Step one, however, will be cementing the fragile ceasefire and, potentially, designing a monitoring mechanism. It is difficult to imagine viable negotiations taking place over Libya’s political, security, and economic future when the two parties are still fighting. So far, the tentative ceasefire brokered by Putin and Erdogan has mostly held since it went into effect on January 12.

Yet each side suspects the other is just exploiting the pause to reinforce its frontlines—in the LNA’s case by bringing more arms and equipment from the east; in the GNA’s case by receiving arms and personnel from Ankara, including pro-Turkey fighters formerly engaged in Syria. Firming up the composition and terms of a permanent ceasefire mechanism will be a key issue in Berlin and any follow-up meetings.


Whatever President Trump’s intention was when he called Haftar last April, his outreach signaled support for the general’s offensive, despite the administration’s subsequent calls for de-escalation. Washington has also held important technical-level discussions on security and economic reform, but those efforts have limited value in the context of the current war.

Accordingly, Pompeo and O’Brien should focus intently on achieving three main goals in the coming days and weeks:

  • Press the principal foreign backers of each side to pause their military support, giving negotiators a chance to formalize the ceasefire. That means insisting that the UAE ground its drones and other aircraft supporting Haftar’s operations, and that Turkey pause its supply of personnel, weapons, and technology to the GNA. Pompeo needs to be clear with each interlocutor that Washington takes the matter seriously, and that their behavior in Libya will affect their bilateral relations with the United States.
  • Open a channel with Russia. To prevent Putin from embedding a Russian presence in the South Mediterranean, Washington needs to engage Moscow on Libya. In the past two weeks, Putin has once again demonstrated that he wants to be a powerbroker in Libya, but he also seems more willing to secure relations with both sides of the conflict instead of just backing Haftar. Pompeo can take advantage of this interest—not to mention Haftar’s spurning of Putin’s agreement in Moscow—by offering to negotiate a UN Security Council resolution that calls for a ceasefire, and by backing the UN-led political negotiations.
  • Clearly endorse the UN process and offer monitoring assistance. The administration should communicate explicit U.S. support for UN-led negotiations on all three tracks (political, economic, and security). It should also offer U.S. resources, primarily intelligence, to monitor the ceasefire. This includes threatening to use existing sanctions authorities to punish actors that violate its terms, whether foreign-based or Libyan.

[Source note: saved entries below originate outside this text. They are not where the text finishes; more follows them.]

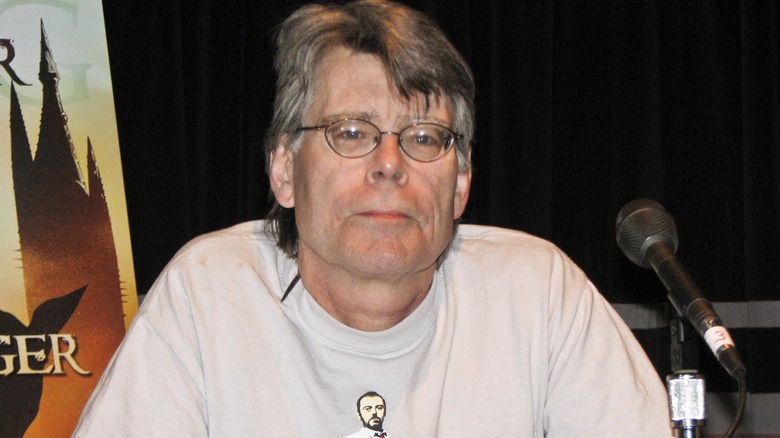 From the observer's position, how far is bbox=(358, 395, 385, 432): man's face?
174 cm

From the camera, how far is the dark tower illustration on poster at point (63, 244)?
259 centimetres

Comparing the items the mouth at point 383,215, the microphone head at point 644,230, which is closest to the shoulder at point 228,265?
the mouth at point 383,215

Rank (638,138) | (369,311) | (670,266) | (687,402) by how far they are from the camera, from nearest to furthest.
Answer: (687,402)
(670,266)
(369,311)
(638,138)

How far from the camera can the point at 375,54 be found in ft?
6.01

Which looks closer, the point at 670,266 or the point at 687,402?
the point at 687,402

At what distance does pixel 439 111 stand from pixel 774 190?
192 cm

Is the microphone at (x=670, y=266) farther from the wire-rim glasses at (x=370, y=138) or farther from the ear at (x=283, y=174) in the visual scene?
the ear at (x=283, y=174)

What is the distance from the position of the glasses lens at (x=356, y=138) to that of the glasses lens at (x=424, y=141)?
0.19 ft

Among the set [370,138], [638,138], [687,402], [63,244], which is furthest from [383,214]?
[638,138]

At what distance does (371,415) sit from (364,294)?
0.77ft

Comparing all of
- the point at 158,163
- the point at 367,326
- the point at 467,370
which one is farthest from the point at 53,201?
the point at 467,370

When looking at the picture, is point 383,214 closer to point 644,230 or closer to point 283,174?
point 283,174

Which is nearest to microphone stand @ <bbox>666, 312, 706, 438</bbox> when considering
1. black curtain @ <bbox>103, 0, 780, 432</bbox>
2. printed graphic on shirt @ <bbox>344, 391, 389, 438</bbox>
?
printed graphic on shirt @ <bbox>344, 391, 389, 438</bbox>

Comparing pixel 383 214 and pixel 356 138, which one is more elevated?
pixel 356 138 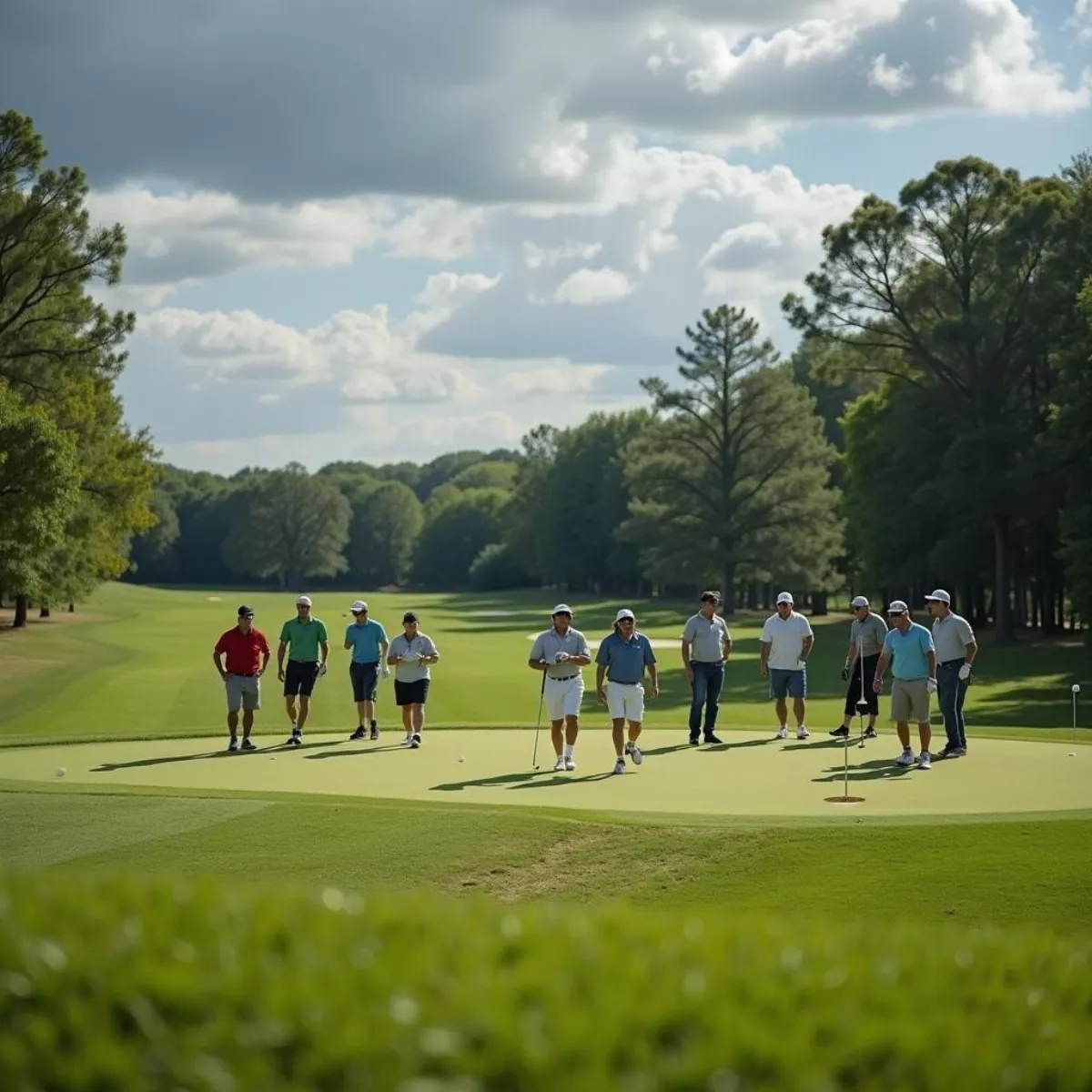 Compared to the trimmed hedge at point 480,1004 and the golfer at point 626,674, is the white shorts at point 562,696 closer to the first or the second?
the golfer at point 626,674

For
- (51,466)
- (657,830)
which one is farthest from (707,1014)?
(51,466)

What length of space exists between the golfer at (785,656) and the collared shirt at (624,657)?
4362 mm

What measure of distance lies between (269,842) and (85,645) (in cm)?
4388

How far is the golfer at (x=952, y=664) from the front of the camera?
840 inches

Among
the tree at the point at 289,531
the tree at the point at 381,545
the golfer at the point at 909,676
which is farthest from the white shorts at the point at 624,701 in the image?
the tree at the point at 381,545

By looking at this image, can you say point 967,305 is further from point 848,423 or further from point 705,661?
point 705,661

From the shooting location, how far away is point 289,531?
17762 centimetres

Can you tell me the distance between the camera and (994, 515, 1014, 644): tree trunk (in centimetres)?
5803

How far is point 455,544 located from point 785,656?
154129 mm

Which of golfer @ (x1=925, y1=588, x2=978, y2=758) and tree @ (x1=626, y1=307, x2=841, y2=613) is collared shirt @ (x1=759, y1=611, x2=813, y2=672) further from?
tree @ (x1=626, y1=307, x2=841, y2=613)

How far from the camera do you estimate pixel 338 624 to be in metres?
82.8

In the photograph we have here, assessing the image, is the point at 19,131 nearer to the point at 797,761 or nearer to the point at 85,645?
the point at 85,645

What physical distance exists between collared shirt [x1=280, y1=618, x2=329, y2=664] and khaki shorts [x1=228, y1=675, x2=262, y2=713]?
92 cm

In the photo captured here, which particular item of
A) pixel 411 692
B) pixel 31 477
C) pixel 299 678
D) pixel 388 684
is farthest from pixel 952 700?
pixel 31 477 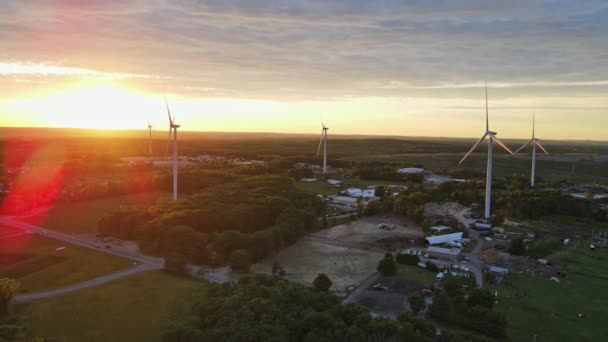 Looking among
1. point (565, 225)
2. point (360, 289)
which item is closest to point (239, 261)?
point (360, 289)

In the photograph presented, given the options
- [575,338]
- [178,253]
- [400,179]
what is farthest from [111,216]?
[400,179]

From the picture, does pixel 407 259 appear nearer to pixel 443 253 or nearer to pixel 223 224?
pixel 443 253

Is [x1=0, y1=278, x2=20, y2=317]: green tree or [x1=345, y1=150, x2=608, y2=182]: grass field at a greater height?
[x1=345, y1=150, x2=608, y2=182]: grass field

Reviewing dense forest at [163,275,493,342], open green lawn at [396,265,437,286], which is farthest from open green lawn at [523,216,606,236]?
dense forest at [163,275,493,342]

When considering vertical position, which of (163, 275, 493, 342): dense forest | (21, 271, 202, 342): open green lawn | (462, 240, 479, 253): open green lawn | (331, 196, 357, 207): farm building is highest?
(163, 275, 493, 342): dense forest

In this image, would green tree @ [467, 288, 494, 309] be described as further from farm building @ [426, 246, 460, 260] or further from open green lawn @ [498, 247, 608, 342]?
farm building @ [426, 246, 460, 260]

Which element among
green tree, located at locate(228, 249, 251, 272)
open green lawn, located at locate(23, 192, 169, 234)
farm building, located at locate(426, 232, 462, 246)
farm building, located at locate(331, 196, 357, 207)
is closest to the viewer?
green tree, located at locate(228, 249, 251, 272)

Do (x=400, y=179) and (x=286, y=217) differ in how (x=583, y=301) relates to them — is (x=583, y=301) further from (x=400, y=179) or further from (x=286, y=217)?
(x=400, y=179) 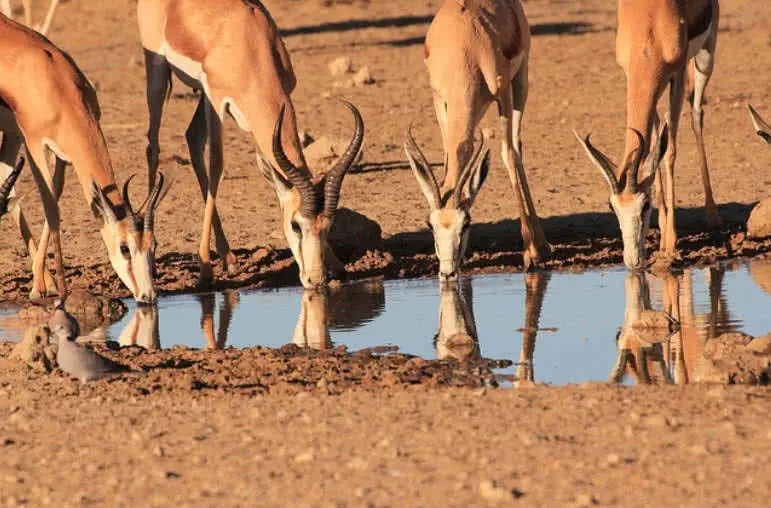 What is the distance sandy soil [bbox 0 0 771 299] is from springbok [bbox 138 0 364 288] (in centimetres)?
69

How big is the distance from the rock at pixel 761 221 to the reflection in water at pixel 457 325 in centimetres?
274

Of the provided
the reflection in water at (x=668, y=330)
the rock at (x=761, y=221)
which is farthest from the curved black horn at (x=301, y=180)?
the rock at (x=761, y=221)

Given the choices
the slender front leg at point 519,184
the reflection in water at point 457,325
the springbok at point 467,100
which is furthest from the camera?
the slender front leg at point 519,184

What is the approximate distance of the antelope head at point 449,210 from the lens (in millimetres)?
12562

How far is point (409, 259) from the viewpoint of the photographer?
548 inches

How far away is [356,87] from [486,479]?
18614 mm

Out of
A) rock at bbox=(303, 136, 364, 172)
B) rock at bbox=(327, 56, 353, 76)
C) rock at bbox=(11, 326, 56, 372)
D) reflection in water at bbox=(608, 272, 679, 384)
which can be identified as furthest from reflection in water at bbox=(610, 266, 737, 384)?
rock at bbox=(327, 56, 353, 76)

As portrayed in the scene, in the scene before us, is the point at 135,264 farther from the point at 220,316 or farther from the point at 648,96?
the point at 648,96

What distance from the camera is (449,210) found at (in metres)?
12.7

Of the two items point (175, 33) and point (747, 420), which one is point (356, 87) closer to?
point (175, 33)

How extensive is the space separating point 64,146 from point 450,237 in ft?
10.0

The Berlin conference is a critical opportunity to at least pause Libya’s war. If Washington misses it, there may not be another one until hundreds more are killed and thousands more displaced.


Ben Fishman is a senior fellow at The Washington Institute and former director for North Africa at the National Security Council.

Charles Thepaut, a resident visiting fellow at the Institute, previously worked for European diplomatic institutions in Syria, Iraq, Belgium, France, Germany, and other countries.